CVP-Rosenkavalier Gerhard Pfister (links oben), ALG-Rikscha-Fahrer Andreas Lustenberger (unten), FDP-Ballonfahrer (rechts).

(Bild: Facebook)

Der Zuger Vorwahlkampf für die National- und Ständeratswahlen im Herbst hat begonnen: Bereits lachen Kandidaten von den Plakatwänden und die FDP lässt einen Heissluftballon steigen. Ausgefallene Aktionen sollen das Wohlwollen der Wähler sichern, und sorgen für Sticheleien unter den Politikern. Obwohl die sich in einem Punkt für einmal einig sind.
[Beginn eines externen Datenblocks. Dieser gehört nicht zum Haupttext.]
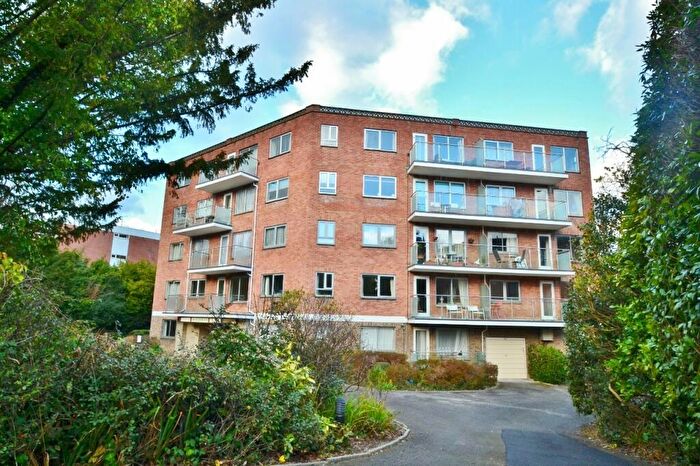 2 Bedroom Flat To Rent In Westbourne, BH4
Sie verteilte keine Ballone, sondern liess gleich einen riesigen Heissluftballon vom Zuger Landsgemeindeplatz aufsteigen: Die Zuger FDP, die Anfang Monat den Wahlkampf für die eidgenössischen Wahlen eröffnete – obwohl die erst am 20. Oktober stattfinden und Zug nur gerade fünf Leute nach Bern schicken kann.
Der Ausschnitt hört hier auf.